「吟醸酒の父」題材に映画「吟ずる者たち」 来年6月、広島県内先行公開目指す - 産経ニュース

「吟醸酒の父」題材に映画「吟ずる者たち」 来年6月、広島県内先行公開目指す

 「吟醸酒の父」とされる東広島市出身の酒造家、三浦仙三郎(1847~1908年)を題材にした映画「吟ずる者たち(仮題)」の制作が決まり、制作事務局が県庁で発表した。企画や撮影のほか、エキストラやボランティアなども含め“オール広島”を掲げている。今年11月にクランクイン、来年6月に県内で先行公開を目指す。

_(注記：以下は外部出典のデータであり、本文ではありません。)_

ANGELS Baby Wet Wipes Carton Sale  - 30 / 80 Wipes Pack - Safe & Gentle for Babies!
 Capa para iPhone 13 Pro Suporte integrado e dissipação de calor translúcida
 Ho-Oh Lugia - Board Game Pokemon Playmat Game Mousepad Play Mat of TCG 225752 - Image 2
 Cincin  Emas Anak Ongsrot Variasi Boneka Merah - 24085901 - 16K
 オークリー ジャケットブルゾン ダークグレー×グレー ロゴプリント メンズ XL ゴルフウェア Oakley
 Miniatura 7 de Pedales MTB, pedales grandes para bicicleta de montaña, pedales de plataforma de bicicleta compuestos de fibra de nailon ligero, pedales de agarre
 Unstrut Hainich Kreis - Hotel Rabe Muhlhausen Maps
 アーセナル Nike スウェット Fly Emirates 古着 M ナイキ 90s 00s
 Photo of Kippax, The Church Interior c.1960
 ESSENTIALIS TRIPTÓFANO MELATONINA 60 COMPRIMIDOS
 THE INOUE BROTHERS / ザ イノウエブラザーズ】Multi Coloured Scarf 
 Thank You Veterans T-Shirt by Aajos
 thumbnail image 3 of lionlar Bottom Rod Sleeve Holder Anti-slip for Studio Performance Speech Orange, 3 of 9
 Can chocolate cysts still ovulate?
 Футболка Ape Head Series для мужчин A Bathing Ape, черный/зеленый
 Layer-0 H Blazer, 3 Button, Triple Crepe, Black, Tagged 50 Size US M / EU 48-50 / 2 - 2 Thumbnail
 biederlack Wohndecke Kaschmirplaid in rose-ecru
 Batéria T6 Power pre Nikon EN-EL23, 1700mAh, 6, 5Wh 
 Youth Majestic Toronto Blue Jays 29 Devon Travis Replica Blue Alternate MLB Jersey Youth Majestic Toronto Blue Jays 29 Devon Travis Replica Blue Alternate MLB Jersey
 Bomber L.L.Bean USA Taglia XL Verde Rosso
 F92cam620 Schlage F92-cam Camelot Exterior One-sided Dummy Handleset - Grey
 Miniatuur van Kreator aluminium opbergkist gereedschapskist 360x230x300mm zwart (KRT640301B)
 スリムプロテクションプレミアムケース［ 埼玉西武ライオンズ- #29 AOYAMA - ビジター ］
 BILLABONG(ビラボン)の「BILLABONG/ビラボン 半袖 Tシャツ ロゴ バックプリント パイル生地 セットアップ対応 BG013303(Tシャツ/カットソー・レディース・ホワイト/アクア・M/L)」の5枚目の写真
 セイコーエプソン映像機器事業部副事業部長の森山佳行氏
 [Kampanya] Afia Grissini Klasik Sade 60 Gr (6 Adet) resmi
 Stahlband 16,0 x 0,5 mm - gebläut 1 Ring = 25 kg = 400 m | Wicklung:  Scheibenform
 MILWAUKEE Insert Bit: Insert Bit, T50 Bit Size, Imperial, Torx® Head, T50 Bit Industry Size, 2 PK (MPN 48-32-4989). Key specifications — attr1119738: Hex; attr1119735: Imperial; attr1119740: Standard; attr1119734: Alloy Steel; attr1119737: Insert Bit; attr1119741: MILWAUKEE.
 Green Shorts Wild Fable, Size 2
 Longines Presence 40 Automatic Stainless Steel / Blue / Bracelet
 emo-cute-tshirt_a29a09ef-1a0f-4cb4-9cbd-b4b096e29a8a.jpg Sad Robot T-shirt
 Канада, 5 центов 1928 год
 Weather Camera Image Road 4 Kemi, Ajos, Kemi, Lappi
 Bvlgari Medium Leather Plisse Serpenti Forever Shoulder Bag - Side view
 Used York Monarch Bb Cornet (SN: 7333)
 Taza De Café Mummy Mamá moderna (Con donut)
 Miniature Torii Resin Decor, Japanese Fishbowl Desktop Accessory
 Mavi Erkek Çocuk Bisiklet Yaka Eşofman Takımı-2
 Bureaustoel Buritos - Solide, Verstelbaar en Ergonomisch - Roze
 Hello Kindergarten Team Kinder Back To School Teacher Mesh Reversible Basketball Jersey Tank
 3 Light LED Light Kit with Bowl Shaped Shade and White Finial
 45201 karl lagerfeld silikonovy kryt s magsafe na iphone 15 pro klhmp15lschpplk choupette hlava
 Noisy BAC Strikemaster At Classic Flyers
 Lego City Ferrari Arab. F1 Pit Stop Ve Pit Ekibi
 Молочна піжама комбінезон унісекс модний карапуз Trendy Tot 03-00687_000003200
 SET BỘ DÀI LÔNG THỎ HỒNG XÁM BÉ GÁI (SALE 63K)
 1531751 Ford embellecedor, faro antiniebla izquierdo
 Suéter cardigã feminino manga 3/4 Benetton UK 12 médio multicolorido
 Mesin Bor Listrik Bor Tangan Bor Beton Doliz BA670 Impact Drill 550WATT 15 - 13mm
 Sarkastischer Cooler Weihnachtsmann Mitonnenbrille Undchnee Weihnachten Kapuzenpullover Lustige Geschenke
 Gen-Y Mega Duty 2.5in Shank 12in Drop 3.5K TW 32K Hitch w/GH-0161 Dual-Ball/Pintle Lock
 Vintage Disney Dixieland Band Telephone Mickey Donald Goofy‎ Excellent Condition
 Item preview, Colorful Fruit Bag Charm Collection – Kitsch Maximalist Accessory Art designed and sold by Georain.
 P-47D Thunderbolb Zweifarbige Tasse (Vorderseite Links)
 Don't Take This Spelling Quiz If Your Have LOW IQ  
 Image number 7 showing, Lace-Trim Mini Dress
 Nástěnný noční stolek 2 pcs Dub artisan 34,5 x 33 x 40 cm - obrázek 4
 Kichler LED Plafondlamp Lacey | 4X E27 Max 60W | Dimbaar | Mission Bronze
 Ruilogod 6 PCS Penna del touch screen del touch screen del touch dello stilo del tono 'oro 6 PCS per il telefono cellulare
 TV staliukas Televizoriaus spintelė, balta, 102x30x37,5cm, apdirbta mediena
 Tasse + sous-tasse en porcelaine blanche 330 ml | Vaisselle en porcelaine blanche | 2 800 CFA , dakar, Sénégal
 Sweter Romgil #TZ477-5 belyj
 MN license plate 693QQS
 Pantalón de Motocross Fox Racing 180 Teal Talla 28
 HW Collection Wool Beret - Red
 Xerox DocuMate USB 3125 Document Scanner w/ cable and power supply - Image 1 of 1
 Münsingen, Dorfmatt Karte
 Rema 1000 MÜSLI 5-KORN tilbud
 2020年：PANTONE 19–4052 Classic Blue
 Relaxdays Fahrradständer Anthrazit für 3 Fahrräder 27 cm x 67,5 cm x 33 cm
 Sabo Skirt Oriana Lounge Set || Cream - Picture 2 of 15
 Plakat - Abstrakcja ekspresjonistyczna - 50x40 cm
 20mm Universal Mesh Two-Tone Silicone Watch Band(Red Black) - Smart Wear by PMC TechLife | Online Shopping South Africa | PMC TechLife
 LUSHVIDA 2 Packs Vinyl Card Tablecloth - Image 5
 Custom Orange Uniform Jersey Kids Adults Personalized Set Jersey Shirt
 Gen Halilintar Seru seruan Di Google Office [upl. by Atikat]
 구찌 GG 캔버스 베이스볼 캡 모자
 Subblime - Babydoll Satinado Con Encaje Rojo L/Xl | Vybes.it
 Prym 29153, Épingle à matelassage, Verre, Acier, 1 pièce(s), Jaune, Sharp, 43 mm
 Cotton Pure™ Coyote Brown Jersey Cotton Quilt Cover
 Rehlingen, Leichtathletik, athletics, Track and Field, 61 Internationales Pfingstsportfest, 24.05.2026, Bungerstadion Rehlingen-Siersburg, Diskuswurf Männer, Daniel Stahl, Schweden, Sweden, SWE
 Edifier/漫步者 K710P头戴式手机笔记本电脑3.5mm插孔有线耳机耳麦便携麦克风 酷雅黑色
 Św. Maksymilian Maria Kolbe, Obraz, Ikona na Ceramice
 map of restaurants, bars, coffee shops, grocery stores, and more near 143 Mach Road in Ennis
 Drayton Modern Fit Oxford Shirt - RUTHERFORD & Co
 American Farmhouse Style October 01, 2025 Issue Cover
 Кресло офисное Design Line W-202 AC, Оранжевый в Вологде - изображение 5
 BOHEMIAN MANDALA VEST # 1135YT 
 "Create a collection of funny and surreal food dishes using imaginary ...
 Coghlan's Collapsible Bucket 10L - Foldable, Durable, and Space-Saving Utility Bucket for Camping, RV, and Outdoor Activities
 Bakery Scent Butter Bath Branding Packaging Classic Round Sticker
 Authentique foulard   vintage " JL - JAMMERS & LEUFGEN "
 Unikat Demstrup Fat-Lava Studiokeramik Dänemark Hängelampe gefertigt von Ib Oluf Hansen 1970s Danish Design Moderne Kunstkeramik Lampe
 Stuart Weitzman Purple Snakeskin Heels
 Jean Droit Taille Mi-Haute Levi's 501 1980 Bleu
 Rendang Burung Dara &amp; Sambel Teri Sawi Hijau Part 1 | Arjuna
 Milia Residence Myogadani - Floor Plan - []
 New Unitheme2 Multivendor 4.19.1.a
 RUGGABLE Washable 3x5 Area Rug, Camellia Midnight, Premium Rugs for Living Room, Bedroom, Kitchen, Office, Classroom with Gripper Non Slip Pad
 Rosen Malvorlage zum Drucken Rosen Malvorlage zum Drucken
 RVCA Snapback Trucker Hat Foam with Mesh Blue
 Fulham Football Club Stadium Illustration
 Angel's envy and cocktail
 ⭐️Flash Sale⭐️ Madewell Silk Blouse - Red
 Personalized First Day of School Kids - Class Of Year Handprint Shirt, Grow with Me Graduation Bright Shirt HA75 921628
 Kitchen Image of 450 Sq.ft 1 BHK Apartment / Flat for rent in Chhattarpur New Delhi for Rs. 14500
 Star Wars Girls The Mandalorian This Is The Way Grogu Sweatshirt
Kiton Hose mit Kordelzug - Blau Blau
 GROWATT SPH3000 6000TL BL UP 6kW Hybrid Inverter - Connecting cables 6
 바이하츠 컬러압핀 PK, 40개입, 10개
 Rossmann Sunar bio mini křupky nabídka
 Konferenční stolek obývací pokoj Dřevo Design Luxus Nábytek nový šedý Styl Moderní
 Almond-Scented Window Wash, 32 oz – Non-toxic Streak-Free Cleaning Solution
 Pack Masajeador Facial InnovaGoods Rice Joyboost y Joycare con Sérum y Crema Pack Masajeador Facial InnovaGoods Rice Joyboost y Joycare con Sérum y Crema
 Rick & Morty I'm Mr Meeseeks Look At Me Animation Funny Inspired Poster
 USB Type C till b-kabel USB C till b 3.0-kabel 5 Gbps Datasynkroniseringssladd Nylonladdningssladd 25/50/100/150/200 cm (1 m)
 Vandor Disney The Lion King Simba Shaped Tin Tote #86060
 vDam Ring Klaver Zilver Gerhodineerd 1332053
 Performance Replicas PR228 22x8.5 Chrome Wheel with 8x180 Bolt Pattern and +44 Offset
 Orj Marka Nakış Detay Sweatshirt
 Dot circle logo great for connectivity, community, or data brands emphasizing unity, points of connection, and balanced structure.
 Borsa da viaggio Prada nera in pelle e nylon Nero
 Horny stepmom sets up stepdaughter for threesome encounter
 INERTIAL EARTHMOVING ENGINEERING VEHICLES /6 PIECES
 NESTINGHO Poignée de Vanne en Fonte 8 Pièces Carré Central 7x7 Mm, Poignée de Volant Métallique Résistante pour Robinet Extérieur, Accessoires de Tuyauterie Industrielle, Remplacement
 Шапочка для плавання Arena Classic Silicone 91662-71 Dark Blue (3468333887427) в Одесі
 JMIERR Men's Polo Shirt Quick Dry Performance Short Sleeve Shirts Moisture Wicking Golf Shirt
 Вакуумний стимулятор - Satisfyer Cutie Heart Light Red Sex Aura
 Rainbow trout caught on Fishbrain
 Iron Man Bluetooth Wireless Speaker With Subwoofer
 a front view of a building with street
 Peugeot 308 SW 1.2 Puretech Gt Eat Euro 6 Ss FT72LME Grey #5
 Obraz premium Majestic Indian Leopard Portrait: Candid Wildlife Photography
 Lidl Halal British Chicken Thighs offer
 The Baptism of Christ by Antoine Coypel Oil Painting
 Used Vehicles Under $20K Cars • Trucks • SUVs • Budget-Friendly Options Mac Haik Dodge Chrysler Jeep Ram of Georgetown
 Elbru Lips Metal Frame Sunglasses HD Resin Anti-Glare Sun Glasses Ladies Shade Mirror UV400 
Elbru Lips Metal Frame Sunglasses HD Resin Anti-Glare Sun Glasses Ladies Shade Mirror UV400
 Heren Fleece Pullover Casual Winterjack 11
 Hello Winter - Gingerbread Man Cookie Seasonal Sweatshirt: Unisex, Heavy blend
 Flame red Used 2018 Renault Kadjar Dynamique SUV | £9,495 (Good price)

 仙三郎は吟醸酒の技術のもとになる軟水醸造法を開発。広島酒発展の基礎を築いたとされる。
 事務局によると、撮影は酒どころの東広島市の西条地区や安芸津地区、竹原市などを想定。地元企業などの協賛を得て、総制作費2億円を見込む。
 主人公には、女優の比嘉愛未(まなみ)さんを起用。他にも広島出身の役者の出演を調整している。
 映画の物語は、東京でデザインの仕事をしていた仙三郎の杜氏(とうじ)の末裔(まつえい)という主人公が、夢破れて広島に帰郷。父が「家宝」とする仙三郎の手記を目にし、心惹かれて吟醸酒づくりに挑戦していく内容。
 竹原市出身の油谷誠至監督(64)は「映画を通じて、現代の広島のものづくりに劣らない部分があると気付く機会になれば」と話した。
 比嘉さんは、ビデオレターを通じて「作品の素晴らしさを全国、世界へ伝えていくために頑張ります」とコメントを寄せた。